Strong performances from Coles, Bunnings and Kmart have bumped up Wesfarmers’ net profit after tax for the year to $2.126 billion.
Wesfarmers is known as a diversified organisation as it generates income from a host of different businesses, but food and alcohol form the backbone of the group. This was made clear in the yearly results, which showed clear winners and losers among the group’s businesses.
Coles was a star performer for Wesfarmers, with earnings before interest and tax rising more than 16% for the year to $1.3 billion.
Ian McLeod, managing director of Coles, pointed to the supermarket’s move to lower prices, which he said was set to continue with Coles’ “down, down” campaign.
He also noted Coles’ category innovation, with more than 1,000 new brands introduced over the past year and Coles’ clothing line, Mix clothes, now stocked in at least 67 Coles stores.
Coles has also driven profits through the revamp of its FlyBuys loyalty program, which has more than seven million cardholders.
However, McLeod said Coles Liquor had a disappointing performance in 2012 due to increased competition from “big box” alcohol stores.

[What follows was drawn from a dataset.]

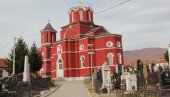 ЉУТИ ЗБОГ КАТАНАЦА: Врањанци револтирани закључавањем споредних улаза у градско гробље ЉУТИ ЗБОГ КАТАНАЦА: Врањанци револтирани закључавањем споредних улаза у градско гробље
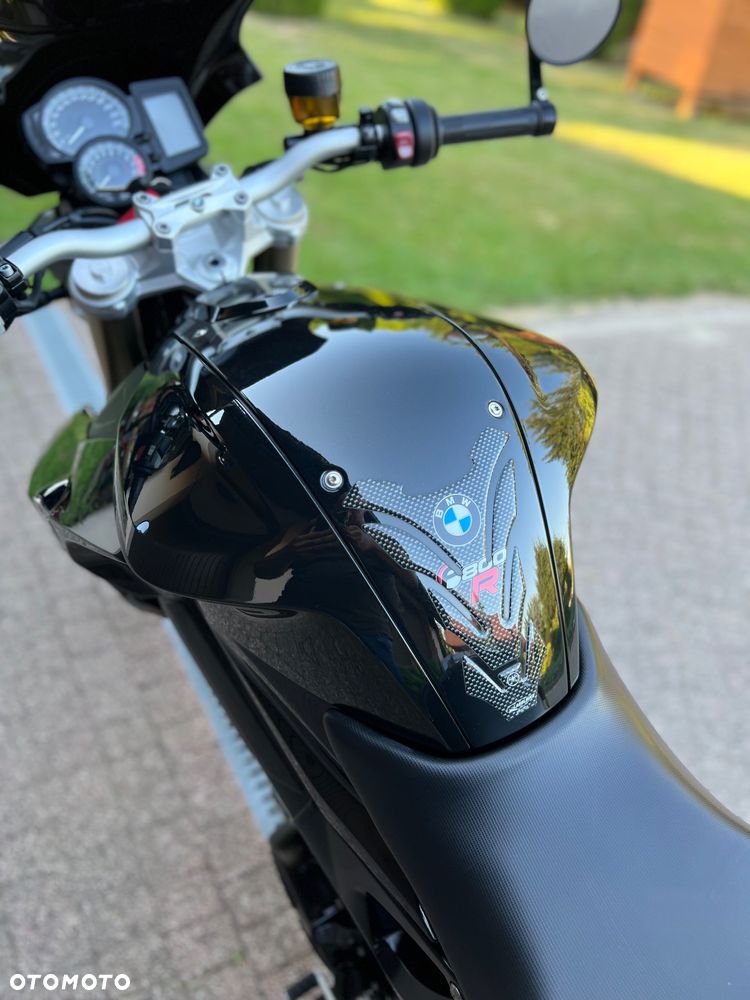 BMW F - 22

Bunnings delivered earnings before tax of $841 million, which was ahead of estimates with an increase of almost 5%.
Tom Piotrowski, market analyst at CommSec, said Bunnings’ strong performance defied the tough conditions in the building and renovation sectors and was ahead of estimates.
“Bunnings is an area the market has been treating with some caution. We hear a lot about light demand for credit in all forms and the fact that the building and renovation market is still experiencing degrees of headwinds,” he said.
The home improvements chain opened 16 new stores and reported “strong investment” in its property pipeline and existing stores.
Discount department store Kmart continued to perform well ahead of expectations, with earnings before tax of $266 million.